Since March 2016, there have been doubts as to whether Gainesville City Commissioner Adrian Hayes-Santos was eligible for his seat. A judge answered the question Thursday.
Judge Monica Brasington, presiding judge in the case against the District 4 commissioner regarding his residency, ruled in favor of Hayes-Santos in her final judgement submitted on Feb. 23. She took 10 days to make her ruling.
The lawsuit centered around whether or not Hayes-Santos met requirements of residency to be eligible for the District 4 seat when he signed his affidavit of residency.
Jim Konish, Hayes-Santos’ former opponent for the seat, challenged that Hayes-Santos did not establish a permanent residence in District 4 when he ran. Konish said he did not live at 1125 NE Fifth Ave., the address Hayes-Santos wrote when he applied to run, long enough to be eligible to qualify for the city commission race.
Hayes-Santos and his team showed evidence that he lived at 1125 NE Fifth Ave. through family and friends who provided testimony that they saw him there. His team also showed various financial documents and records that contained the 1125 NE Fifth Ave. address on them.
In her final judgement, Brasington stated that Konish introduced no evidence that refuted testimony by witnesses that claimed Hayes-Santos lived at the address.

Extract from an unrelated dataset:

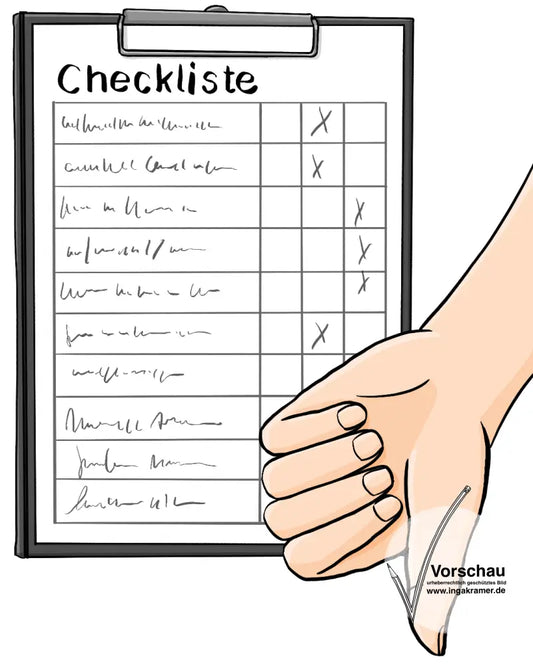 Ein Zettel auf einem Klemmbrett mit der Überschrift: Checkliste. Daneben ein Daumen, der nach unten zeigt.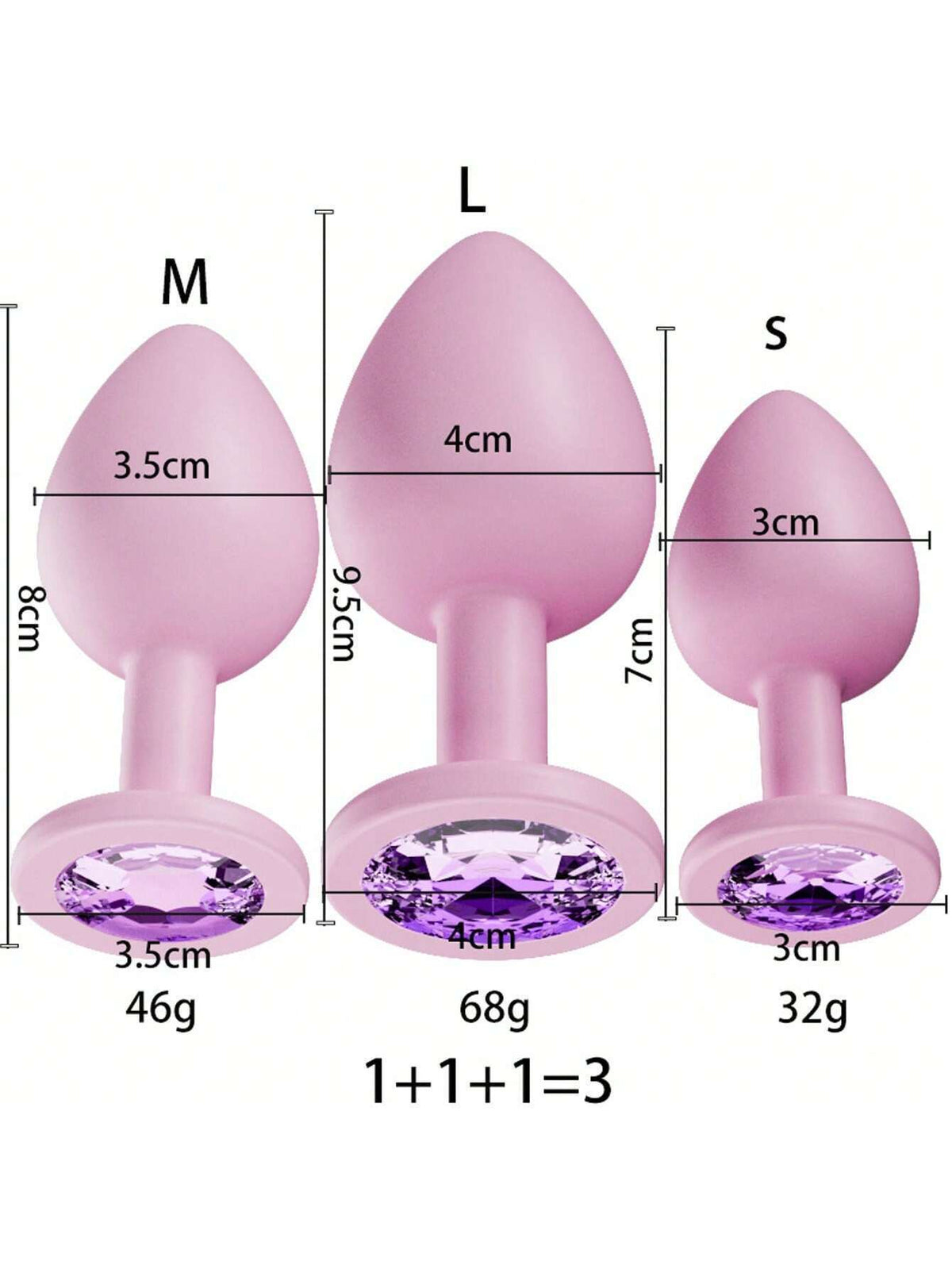 Crystal Diamond Anal Butt Plugs 3 Set - image 6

She said that Hayes-Santos did admit to house-shopping, but that did not constitute Hayes-Santos abandoning his address that he claimed residency for.
Brasington ruled that Hayes-Santos provided ample evidence that he did legally reside at the address that allowed him to run for the District 4 seat. The evidence included witnesses who saw him there, as well as unwritten agreements shown to the court between Hayes-Santos and Zach Woodruff, his landlord, that showed Hayes-Santos did live at the address.
Konish said he is disappointed in the result, but believes the trial was conducted fairly.
“I respect the judge. She conducted a fair trial,” Konish said. “This case was about the integrity of our elections and about truth for the voter.”
Konish said he was truthful in his accusations and brought evidence that supported Hayes-Santos wasn’t eligible to the judge.
However, he currently does not plan to file an appeal, he said.
“I am willing to move on from this if they are,” Konish said. “However, if they want to keep fighting, then we will appeal.”
Meanwhile, Hayes-Santos said he is happy to have the case decided in his favor.
“It was a frustrating case, and I am happy the judge ruled in our favor,” Hayes-Santos said. “It was frivolous from the beginning. Konish was just trying to use this to get into office.”
Hayes-Santos said the next step is to begin to recover his legal fees that he spent on the case.
“I spent over $20,000 dollars on this case,” he said.
Nicholas Harvey, Hayes-Santos’s lawyer, said that they are currently in the process of motioning for a hearing regarding further recovery of the legal fees.
Steven Turnage, Konish’s lawyer, said they expect further litigation if Hayes-Santos attempts to recover legal fees.
“We don’t see that as a viable motion,” Turnage said.
Harvey said that there is a pending motion concerning his client’s legal fees, which is expected to still be under Judge Brasington’s jurisdiction and subject to Konish’s right for appeal as well.